Table of content

    Using column generation in constraint-and-column generation for adjustable robust optimization > FLP

    Loading the data

    Our results can be found in the results.flp.csv file with the following columns:

    • “tag”: a tag always equal to “result” used grep the result line in our execution log file.
    • “instance”: the path to the instance.
    • “standard_phase_time_limit”: the time limit for the standard phase (i.e., without using CG).
    • “master_solver”: the solver used for solving the CCG master problem: STD for standard, i.e., Gurobi, CG for column generation.
    • “status”: the final status.
    • “reason”: the final status reason.
    • “has_large_scaled”: true if the CG phase has been started, false otherwise.
    • “n_iterations”: the number of iterations.
    • “total_time”: the total time to solve the problem.
    • “master_time”: the time spent solving the master problem.
    • “adversarial_time”: the time spent solving the adversarial problem.
    • “best_bound”: the best bound found.
    • “best_obj”: the best feasible point value.
    • “relative_gap”: the final relative gap.
    • “absolute_gap”: the final absolute gap.
    • “adversarial_unexpected_status”: the status of the adversarial problem solver if it is not Optimal.
    • “with_heuristic”: true if the CG-based heuristic is used.
    • “n_facilities”: the number of facilities in the instance.
    • “n_customers”: the number of customers in the instance.
    • “Gamma”: the value for the uncertainty budget \(\Gamma\).
    • “blank”: this column is left blank.
    data = rbind(
      read.csv("results.csv", header = FALSE) 
    )
    colnames(data) = c("slurm_file", "tag", "instance", "standard_phase_time_limit_raw", "Gamma", "with_heuristic", "standard_phase_time_limit", "master_solver", "status", "reason", "has_large_scaled", "n_iterations", "total_time", "master_time", "adversarial_time", "best_bound", "best_obj", "relative_gap", "absolute_gap", "second_stage.mean", "second_stage.std_dev", "adversarial_unexpected_status", "memory_used", "memory_limit")
    data = data %>% mutate(instance = basename(instance),
                    n_facilities = as.numeric(sub(".*F(\\d+)_C.*", "\\1", instance)),
                    n_customers = as.numeric(sub(".*C(\\d+)_.*", "\\1", instance))
                    )

    We start by removing the “tag” and the “blank” columns.

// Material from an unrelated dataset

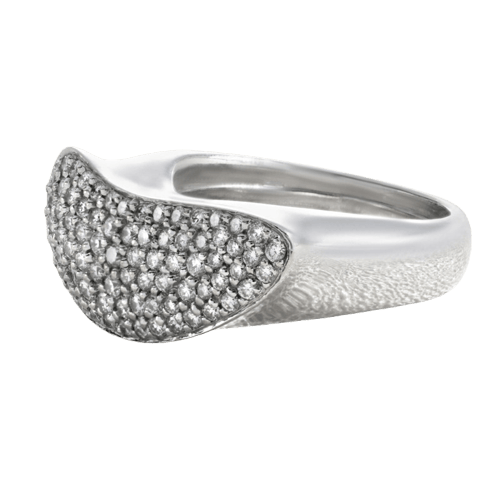Bague de cocktail en or gris et diamants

    data = data[, !(names(data) %in% c("tag", "blank"))]

    We then remove instances which were not considered in our experimental results because none of the approaches could solve sufficiently many instances.

    #data = data[data$n_customers != 40,]
    #data = data[data$n_facilities == 10,]

    For homogeneity, we fix the total_time of unsolved instances to the time limit.

    if (sum(data$tag == "iteration") > 0 ) {
      data[data$tag == "iteration",]$total_time = 10800 
    }
    
    if (sum(data$total_time > 10800) > 0 ) {
      data[data$total_time > 10800,]$total_time = 10800 
    }

    Then, we create a column named “method” which gives a specific name to each method, comprising the approach for solving the CCG master problem, the time limit of the standard phase and a flag indicating if the CG-based heuristic was used.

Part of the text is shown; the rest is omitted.